### Try it
Copy each line below exactly as it appears. Pictures are to be omitted.

### Input data
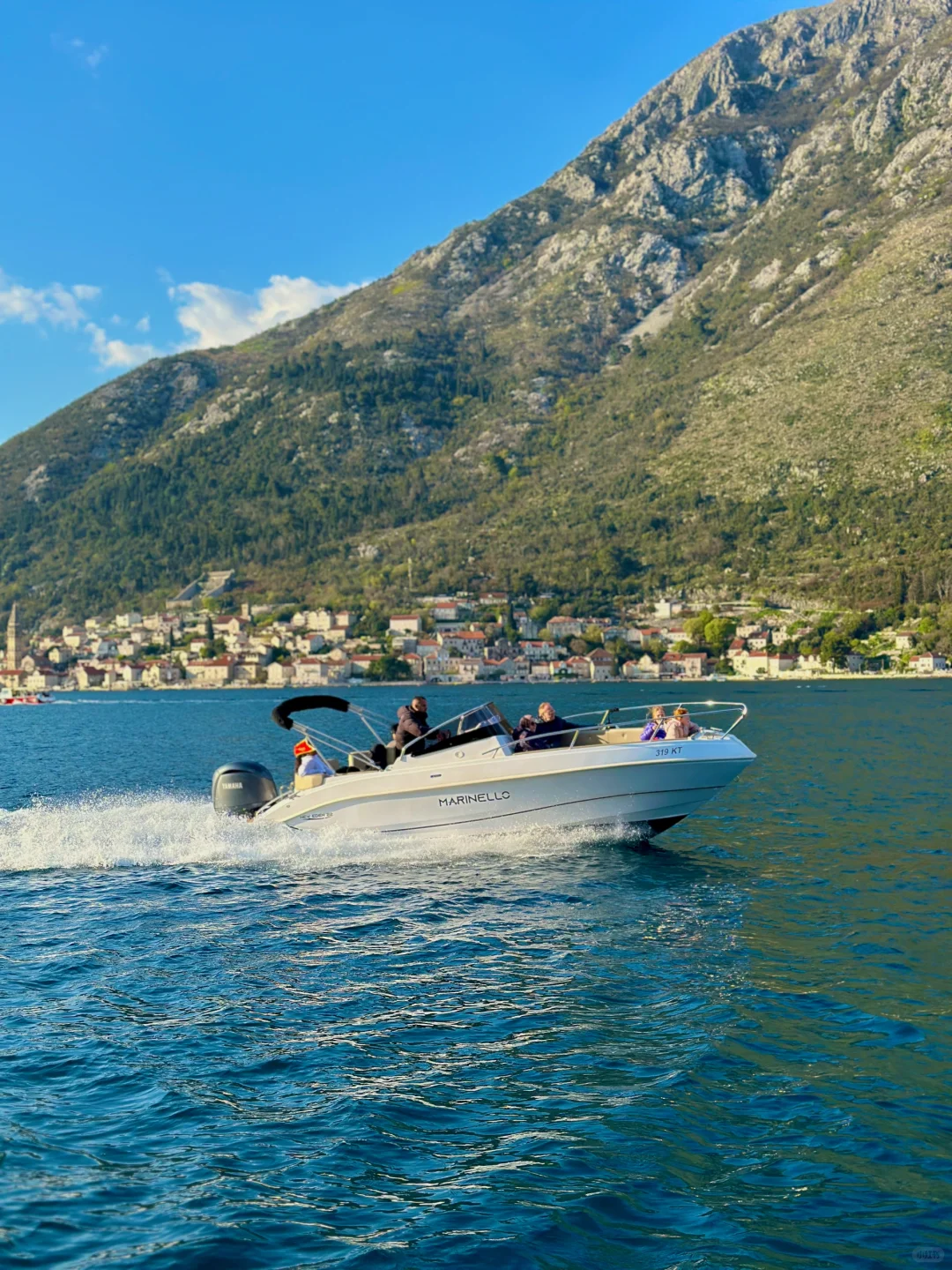 🇲🇪黑山出海见蓝洞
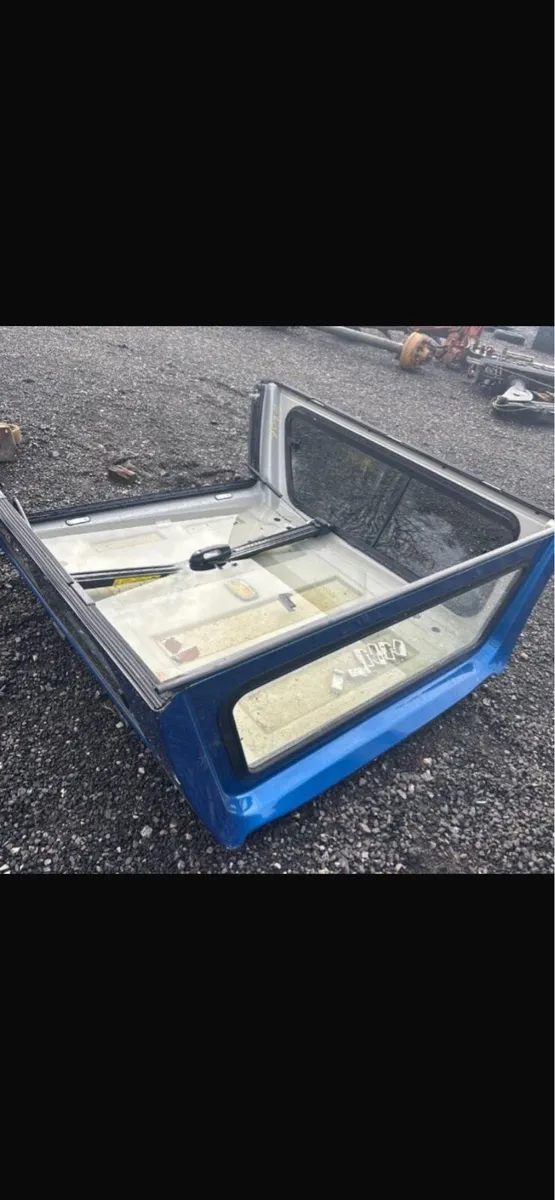 Hilux Canopy mk6/7 Blue - Image 1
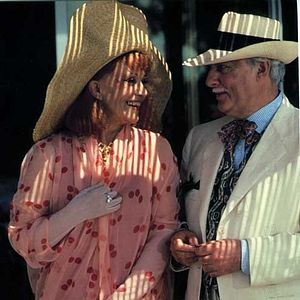 Foto La vieille qui marchait dans la mer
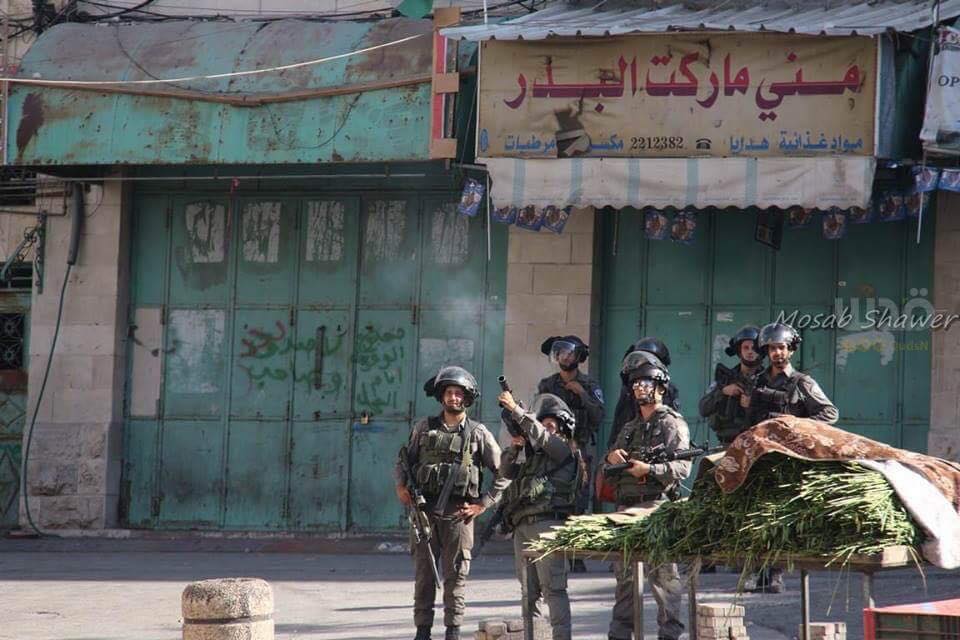 بالصور: إصابات خلال موجهات مع قوات الاحتلال قرب باب الزاوية بالخليل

### Expected output
 🇲🇪黑山出海见蓝洞
 Hilux Canopy mk6/7 Blue - Image 1
 Foto La vieille qui marchait dans la mer
 بالصور: إصابات خلال موجهات مع قوات الاحتلال قرب باب الزاوية بالخليل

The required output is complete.